EuroMillions winners Christine and Colin Weir handed the SNP £500,000 ahead of June's general election.

The latest figures bring the total which the Ayrshire couple have donated to the party since they claimed their £161m lottery jackpot in 2011 to more than £4.5m.

The SNP also took in a sum of £23,000 from celebrated Glasgow artist Gerard Burns in the last financial quarter.

The figures published by the Electoral Commission show that in the three months from April to June, political parties across the UK received a record £40.1m in donations.

This was £9.4m more than the previous highest quarter on record, which occurred in the run-up to the 2015 general election.

The Conservative Party received more than all the other parties put together, taking in nearly £25m from donors compared to £9.5m for Labour, £4.4m for the Liberal Democrats and £596,000 for the SNP.

In total, parties received more than quadruple the amount they were given during the first three months of 2017.

This reflected the short time parties had to build up their election war chests after Theresa May's surprise decision to call a snap election in April.

Elsewhere in Scotland, the Liberal Democrats received £25,000 from Peebles-based company Stobo Castle Health Spa Ltd and £10,000 in East Dunbartonshire from party peer Lord Matthew Oakeshott.

The Scottish Labour Party was given £20,000 by Scots tycoon Lord William Haughey and the Tories recorded a £12,000 donation in East Renfrewshire from Peak Scientific Instruments Ltd, a firm based in Inchinnan.

Ruth Davidson's party received sums totalling £27,500 in Moray, £23.453.14 in Berwickshire, Roxburgh and Selkirk, £12,500 in Stirling and £12,500 in Aberdeenshire - all areas where the Conservatives claimed SNP seats on election night.

Across the UK, the biggest donor during the three-month period was the trade union Unite, which gave £4.2m to Labour.

Jeremy Corbyn's party also benefited from gifts of £1.3m from the GMB union, £1m from the Communication Workers Union, £923,586 from Unison and £411,340 from Usdaw.

The Tories' largest donor was construction vehicle manufacturer JCB, which gave £1.5m.

Mark Bamford, the brother of JCB's chairman Lord Bamford, also gave £750,000.
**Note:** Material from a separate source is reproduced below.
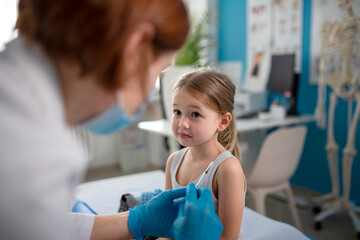 Worried little girl getting vaccinated in doctor's office.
Hedge fund manager John Armitage gave Theresa May's party £1.1m and Addison Lee founder John Griffin handed over £1m - the largest gifts given yet by the two long-standing Tory donors.

John Gore, the theatre producer behind The Book Of Mormon and Phantom Of The Opera, also gave the party £1m.

The Lib Dems' largest single donor in the three-month period was entrepreneur Andrew Dixon, who gave the party £305,100.